*** ENTRIES SUPPLIED

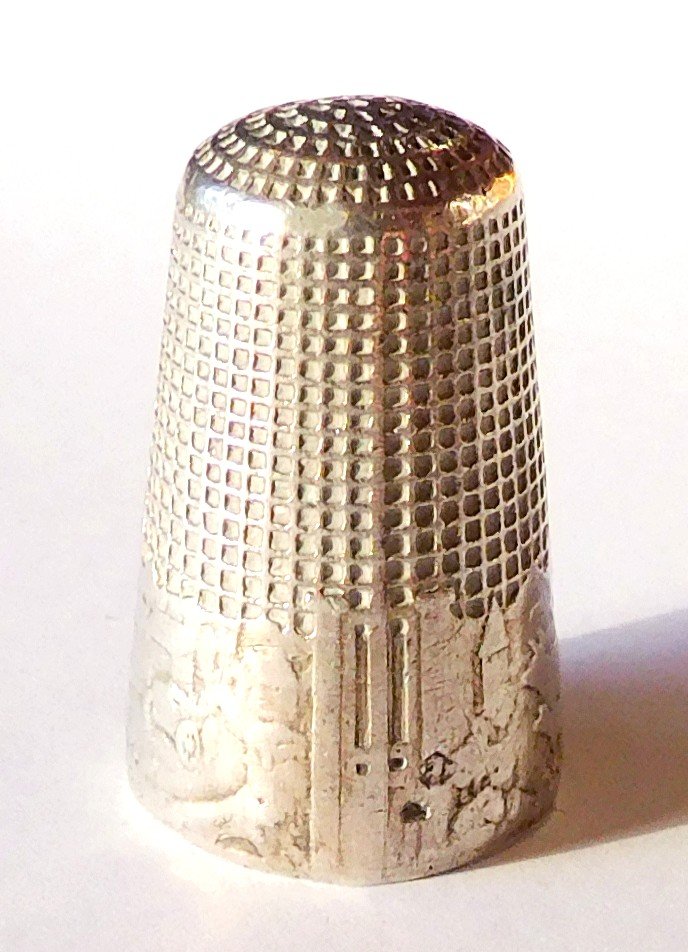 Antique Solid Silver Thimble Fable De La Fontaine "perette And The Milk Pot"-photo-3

******
*** ENTRIES SUPPLIED

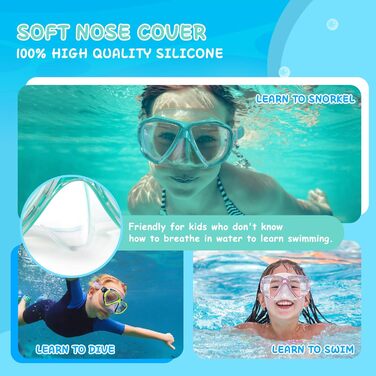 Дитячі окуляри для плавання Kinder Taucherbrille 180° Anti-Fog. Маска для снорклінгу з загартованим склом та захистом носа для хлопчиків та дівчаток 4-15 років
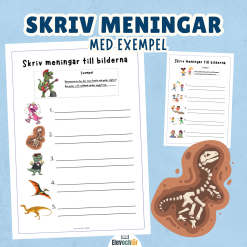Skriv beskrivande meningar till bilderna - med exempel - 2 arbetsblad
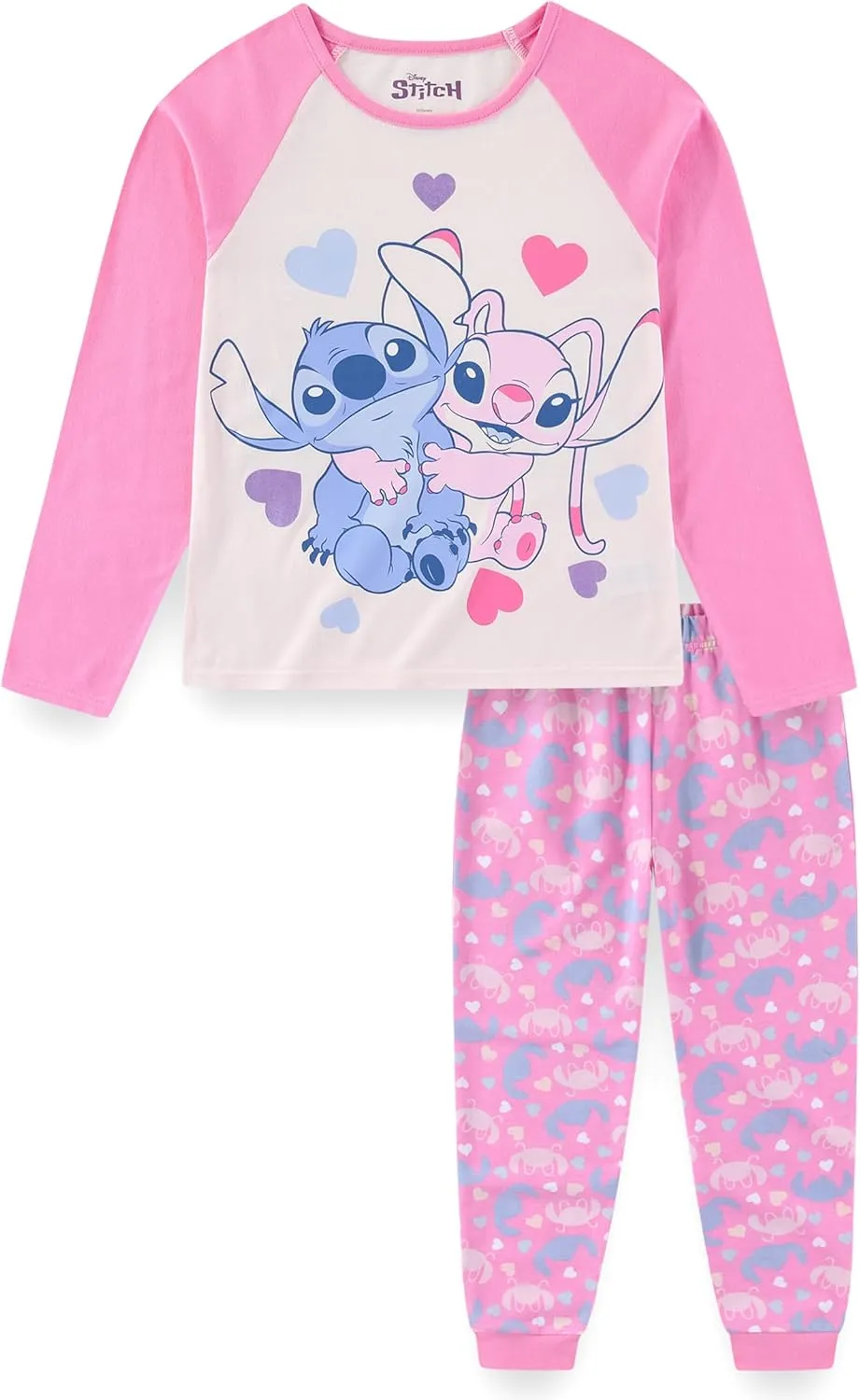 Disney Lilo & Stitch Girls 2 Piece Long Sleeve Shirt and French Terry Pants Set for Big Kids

******

— EXERCISE —
Above are some records; extract exactly the lines from the one containing "Skriv beskrivande meningar" through the one containing "Disney Lilo &" and drop the pictures.

— SOLUTION FOR THIS EXERCISE —
Skriv beskrivande meningar till bilderna - med exempel - 2 arbetsblad
 Disney Lilo & Stitch Girls 2 Piece Long Sleeve Shirt and French Terry Pants Set for Big Kids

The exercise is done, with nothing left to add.